_Task statement_
From the line containing "Subimos no famoso" to the last line of the data, both included, transcribe each line exactly, leaving out pictures and adding nothing.

** Data provided follows **

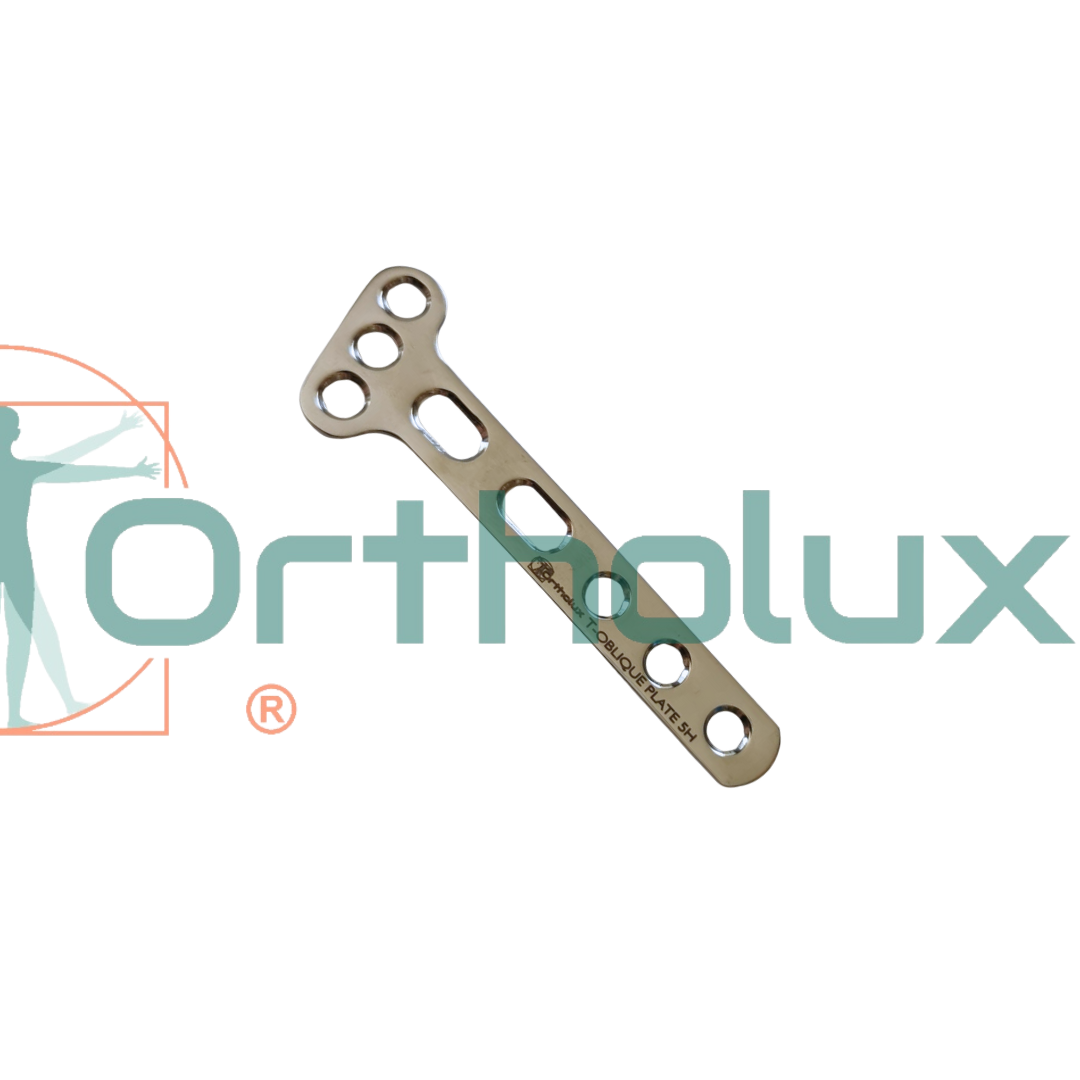 PLACA EN "T" OBLICUA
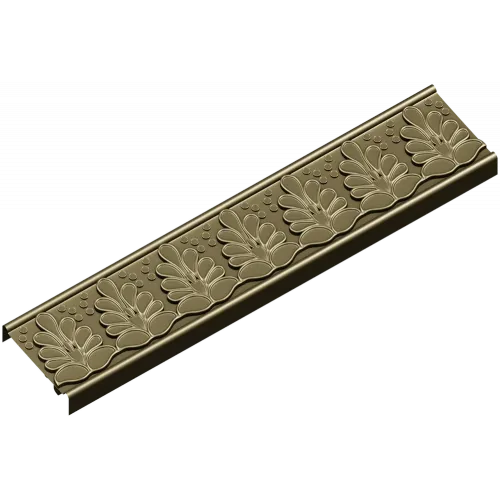 Багет "Листопад" - 3D модель STL для ЧПУ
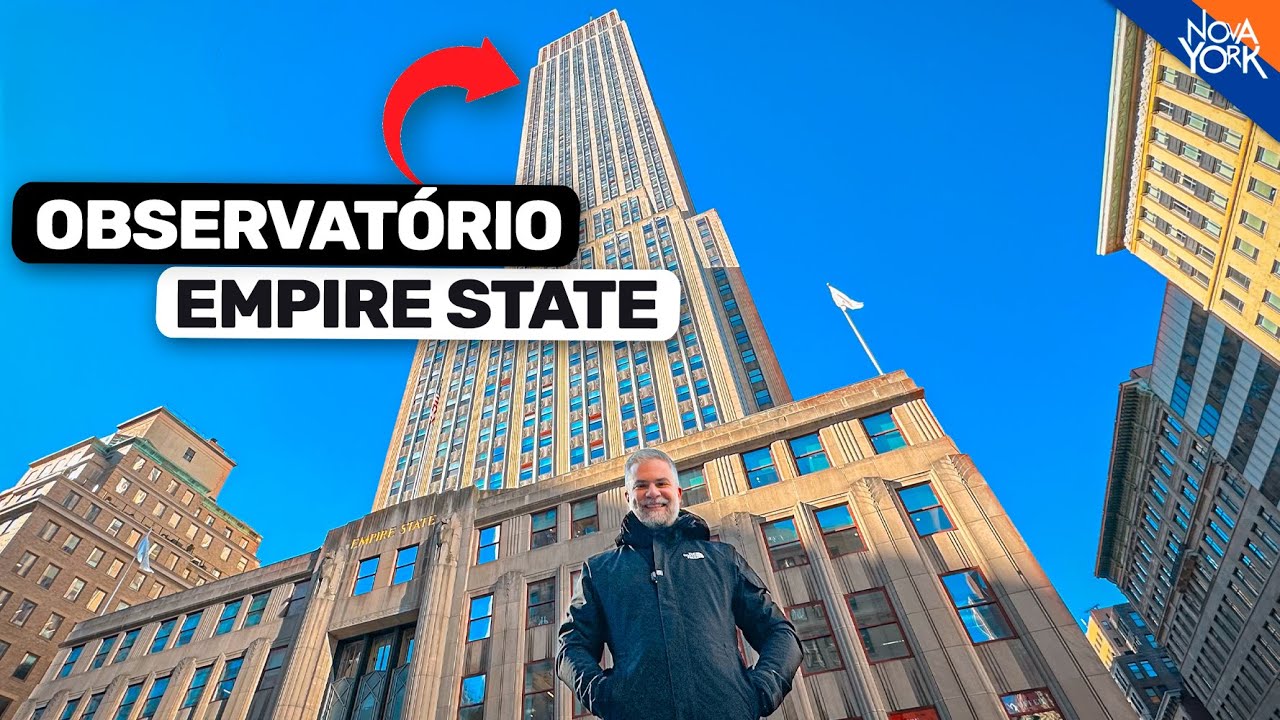 Subimos no famoso OBSERVATÓRIO do Empire State Building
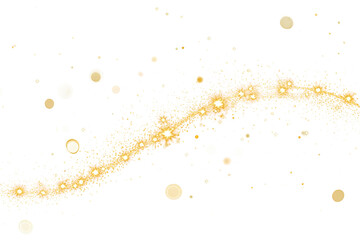 Wall Mural - golden glitter curve gold stardust celestial dance of light and magic png clipart transparent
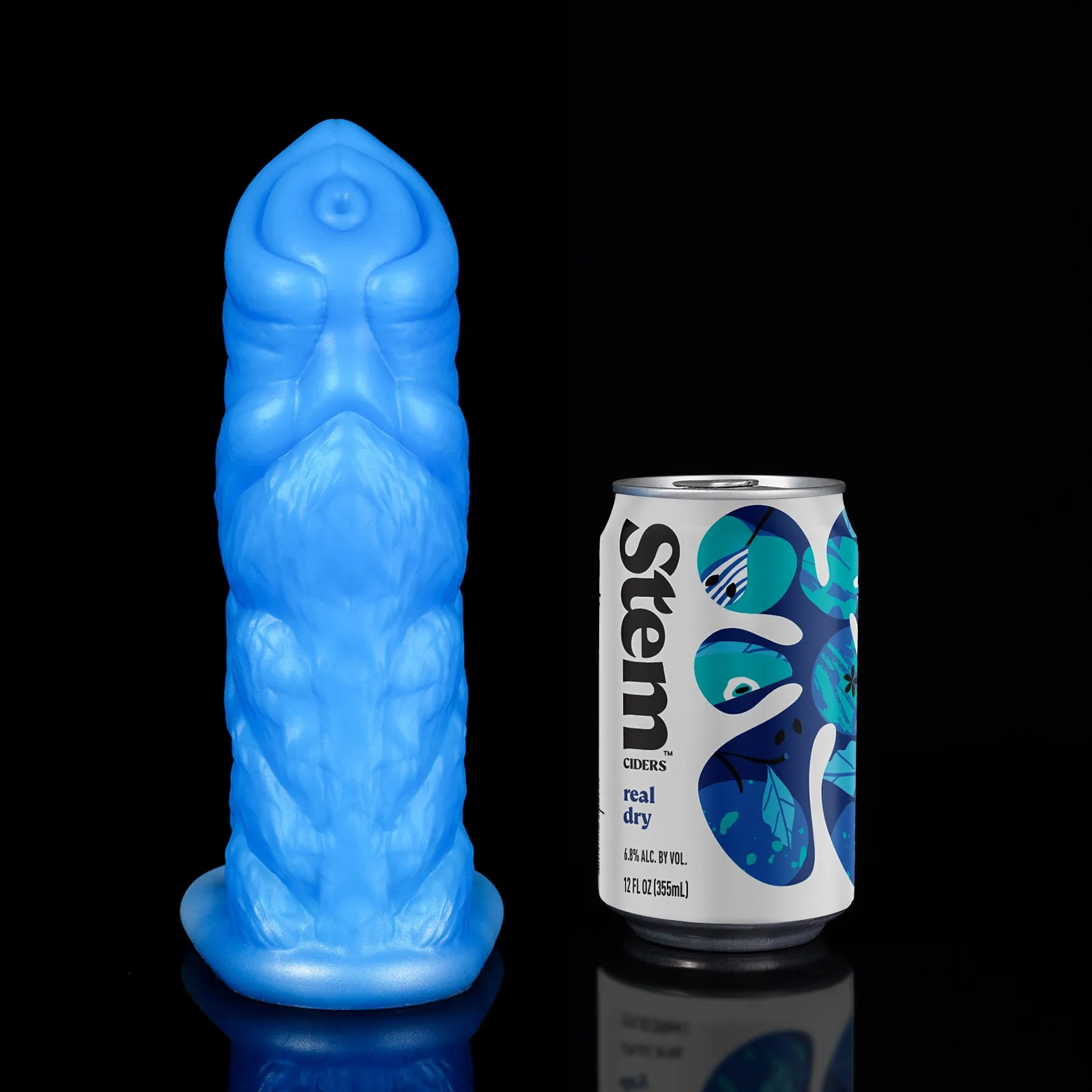 Huge Life Size Penis Sleeve Enlarger - Ebony Monsterdildo Cock Ring Delay Ejaculation Sex Toy for Men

** End of Data provided **

_Solution below_
 Subimos no famoso OBSERVATÓRIO do Empire State Building
 Wall Mural - golden glitter curve gold stardust celestial dance of light and magic png clipart transparent
 Huge Life Size Penis Sleeve Enlarger - Ebony Monsterdildo Cock Ring Delay Ejaculation Sex Toy for Men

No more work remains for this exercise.